To clarify these authors’ theological perspective, covenant refers to loving and being loved, unconditionally—by both spouses. Grace references forgiving and being forgiven. Empowering deals with serving and being served, or as the authors put it, “the intentional process of enabling another person to acquire power.” (p. 28)
Intimacy is to know and to be known. When spouses covenant/commit to one another, there is increased opportunity, desire, and need to extend and receive forgiveness. Once we have realized, given, received, and accepted forgiveness, the greater the possibility to feel closer to the one offering forgiveness, which increases intimacy between the couple. Such closeness and intimacy further secures, strengthens, and increases the covenant relationship between spouses—which increases the chance for a mutually satisfying and fulfilling marriage.
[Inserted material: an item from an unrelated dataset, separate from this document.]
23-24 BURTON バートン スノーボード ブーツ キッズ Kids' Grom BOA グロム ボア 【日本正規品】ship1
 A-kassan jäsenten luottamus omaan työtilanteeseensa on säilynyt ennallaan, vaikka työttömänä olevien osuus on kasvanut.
From this biblically-based perspective, marriage has the capacity to be so much more than simply that which makes us happy. This biblically-based approach truly leads us towards holy matrimony. Happiness is situational, externally driven, and fleeting. Holiness is consistently God-like, internal/from the heart, and eternal.
So then, faith in a loving, caring, giving God, who sent his Son, Jesus Christ to die for our sins and to show us how to live is our greatest hope to an eternal life, a fulfilling life here on this side of heaven, and to a satisfying marriage. Likewise, Jesus’s example of how to be a servant provides us the strongest road map of how to make our marriages resilient and strong, holy, and yes, even happy. But we must seek first His Kingdom, and His righteousness (in faith), and then all these things will be added unto us (cf. Matthew 6, particularly as the entire chapter leads to verse 33).
Following the “great cloud of witnesses” in Hebrews 11, Hebrews 12:1–3 continues, “Therefore, since we have so great a cloud of witnesses surrounding us, let us also lay aside every encumbrance and the sin which so easily entangles us, and let us run with endurance the race that is set before us, fixing our eyes on Jesus, the author and perfecter of faith, who for the joy set before Him endured the cross, despising the shame, and has sat down at the right hand of the throne of God. For consider Him who has endured such hostility by sinners against Himself, so that you will not grow weary and lose heart (emphasis added).” Galatians 6:9 (NASB) further focuses us with, “Let us not lose heart in doing good, for in due time we will reap if we do not grow weary.”